Reply to the issue with the link to an OSF project component, which is where the final analysis files will be shared. You will need to log into OSF and request access to that component, so that you can upload your files later.
Carry out the analysis
Run your analysis, but please bear in mind reproducibility and ease of use of the output files. Essentially, please be sensible, imagine you are the end-user of your data and think about the format that you would want it in.
Please:
Take note of all commands that were run and software versions. This information can be added to the reproducibility files on Github later.
Track all samples using the SAM* accession.
Keep track of which samples/releases you ran on. At the time of writing there is release 0.2 plus incremental release 2024-08.
We will require a “status” file that lists each sample and a result of “PASS”, “FAIL”, “NOT DONE”, so that users can easily find out the overall state of any sample with respect to your analysis.
Where possible, keep raw output from tools, but concatenate files into one output file instead of sharing millions files. But make sure the samples and their results are identifiable. For example, if the file is csv/tsv, then add a Sample column and fill this with the SAM* accession.
Compress final files with gzip or xz (with the -9 option for maximum compression).

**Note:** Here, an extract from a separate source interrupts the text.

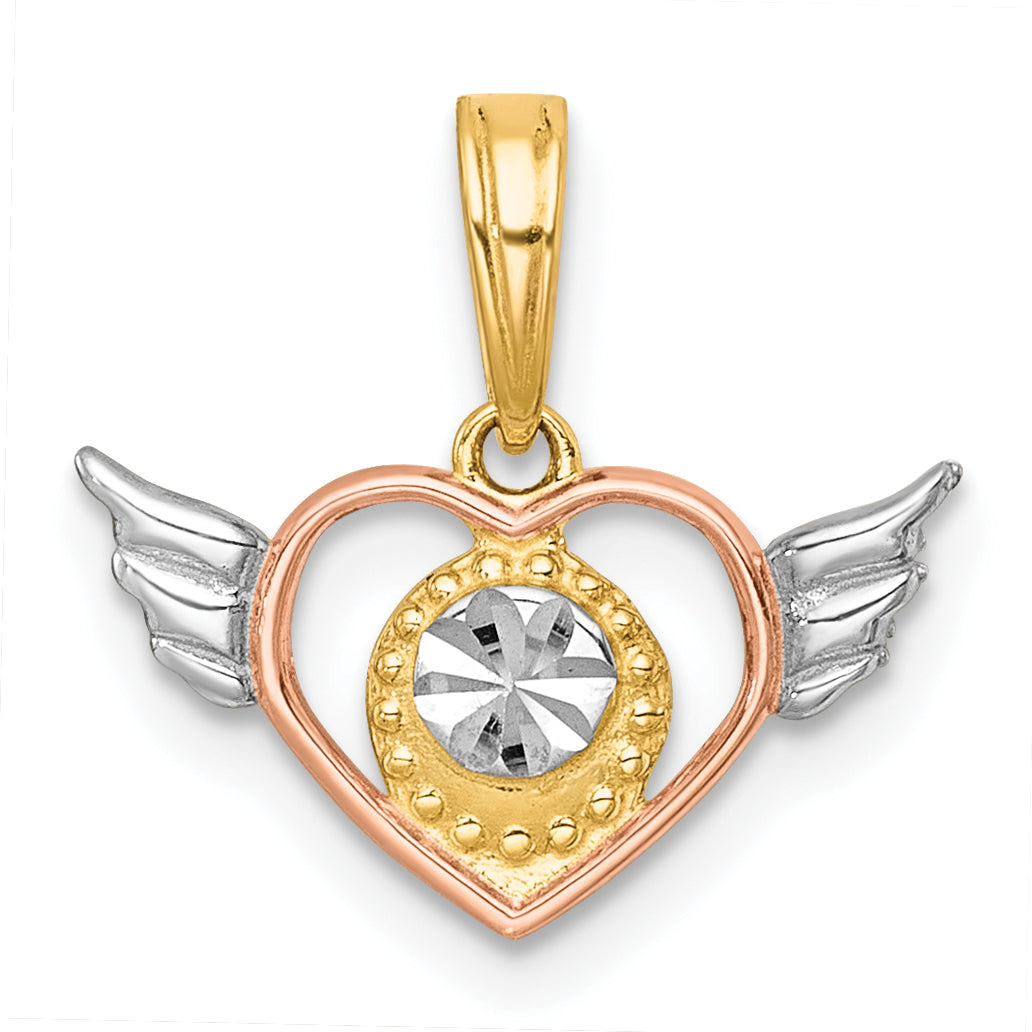 14k with White Rhodium and Rose-tone Heart With Wings Charm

Where possible and it makes sense to do so, keep the number of files and total size to a minimum.
Add files to OSF
You should have been given access to an OSF project component, where you can upload results files. Please include an overall “status” file (as described above) together will all the other results.
OSF has a file size limit of 5GB, and a project component limit of 50GB. We can work around the 50GB limit by batching files over more than one component. Request this on your GitHub issue if it is needed and we can create more components. For example, see the assembly files, which are split over two components.
If possible, please organise the files inside the component by having top-level folders named with the version number of the tool that was run. Inside there, have a folder of each batch of data the analysis was run on (for example, release 0.2, incremental release 2024-08), and also a folder that has all results aggregated together, so it is easy for the user to get them. This of course may depend on your analysis, for example the AMRfinderPlus results have an extra layer of versions because there is the tool version, but also the version of the reference database that was used.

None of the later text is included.